BEGIN RECORDS SUPPLIED
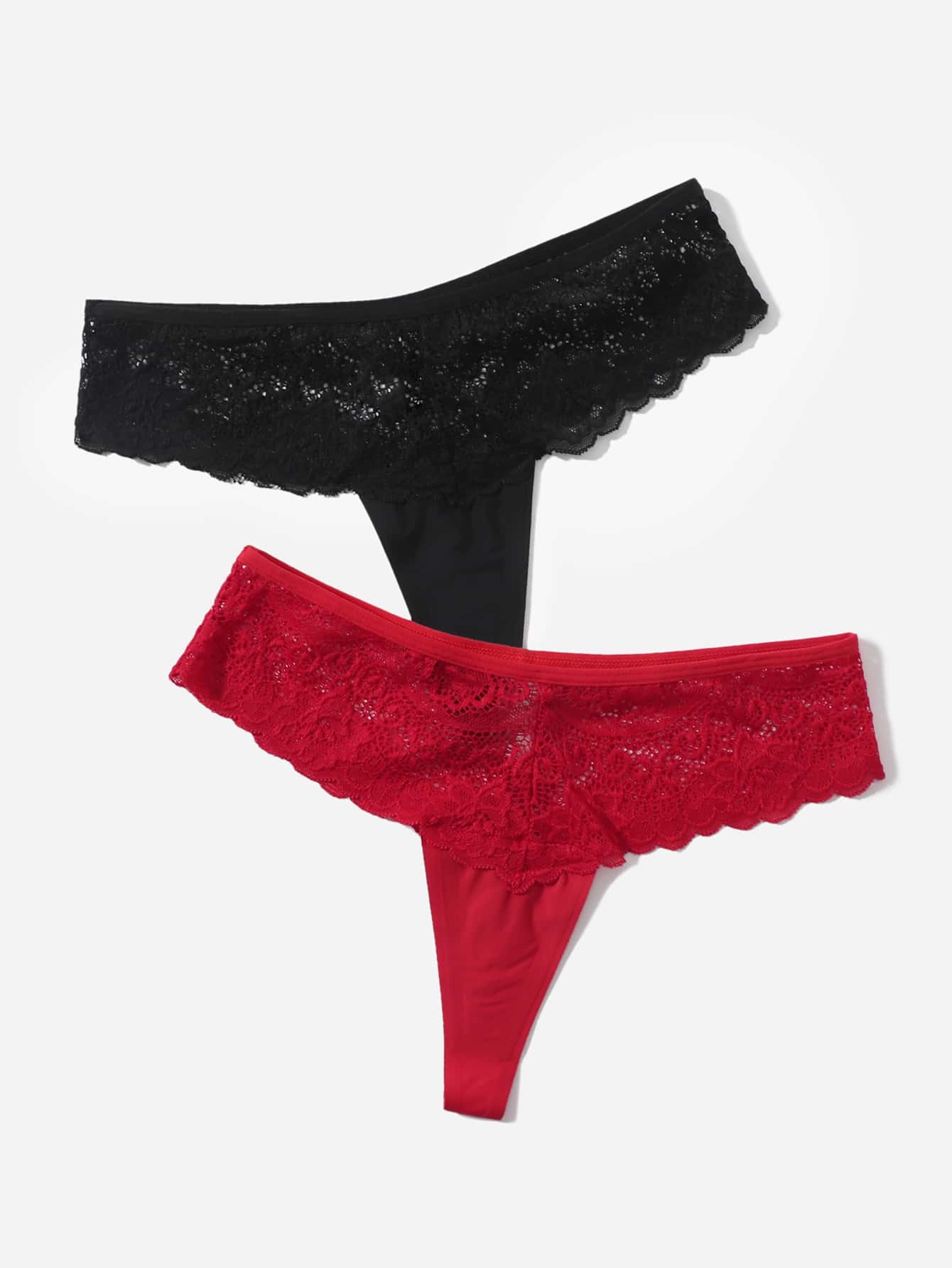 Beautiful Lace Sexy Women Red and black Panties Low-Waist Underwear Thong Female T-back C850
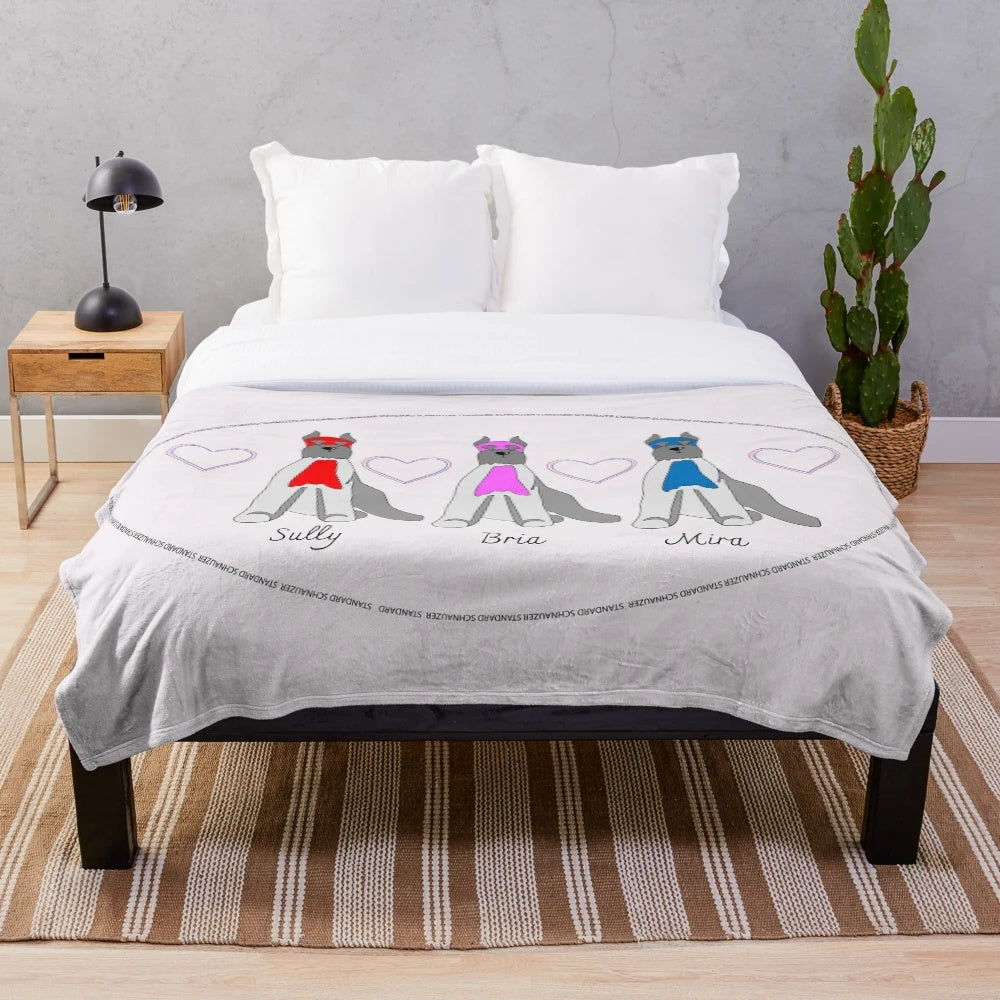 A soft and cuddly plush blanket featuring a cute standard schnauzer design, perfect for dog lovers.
END RECORDS SUPPLIED
BEGIN RECORDS SUPPLIED
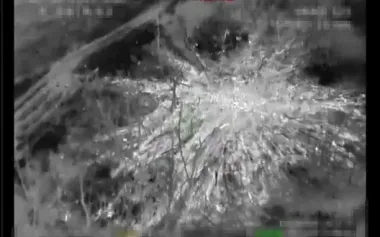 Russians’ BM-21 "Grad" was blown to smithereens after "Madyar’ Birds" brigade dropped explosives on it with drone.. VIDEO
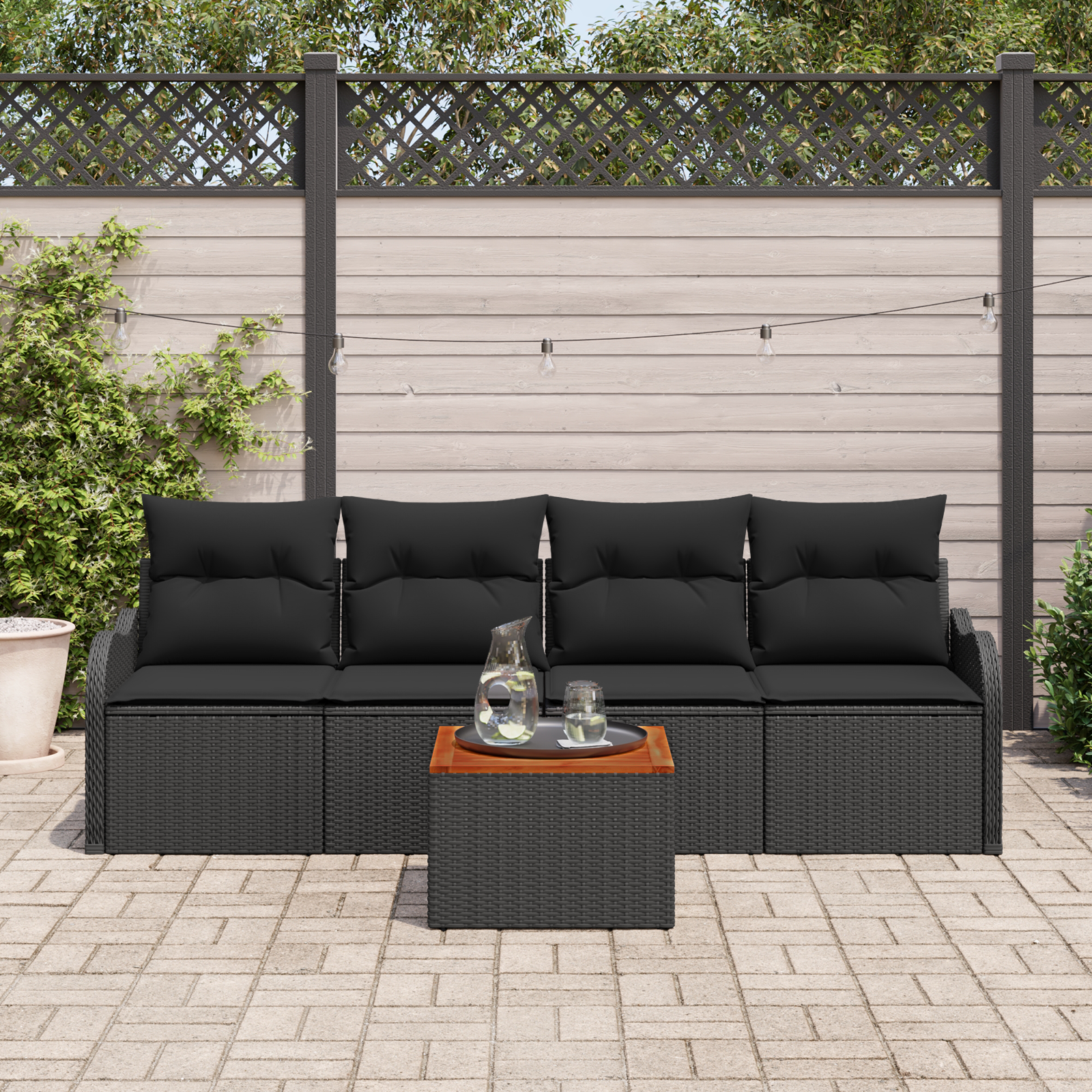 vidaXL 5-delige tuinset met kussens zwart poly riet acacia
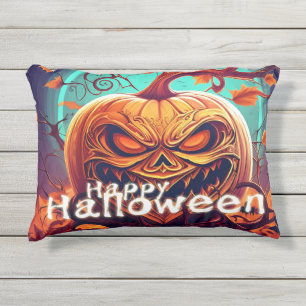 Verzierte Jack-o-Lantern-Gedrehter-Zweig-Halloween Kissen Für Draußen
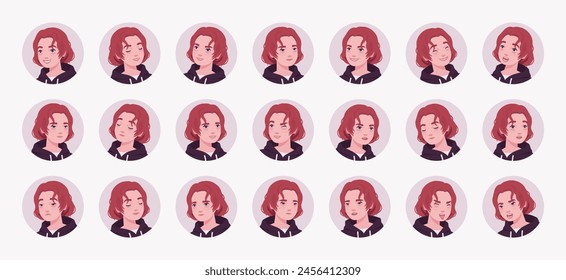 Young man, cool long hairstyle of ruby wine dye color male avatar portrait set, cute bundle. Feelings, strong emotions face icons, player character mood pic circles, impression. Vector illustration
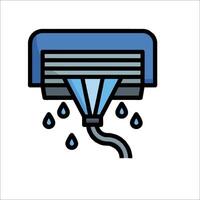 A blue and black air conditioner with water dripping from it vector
END RECORDS SUPPLIED
### [WHAT IS BEING ASKED]
An exact copy of the lines above from the one with "Beautiful Lace Sexy" up to and including the one with "A soft and cuddly" is required; reproduce only those lines, omitting all pictures.

### [ANSWER TO THE EXERCISE]
 Beautiful Lace Sexy Women Red and black Panties Low-Waist Underwear Thong Female T-back C850
 A soft and cuddly plush blanket featuring a cute standard schnauzer design, perfect for dog lovers.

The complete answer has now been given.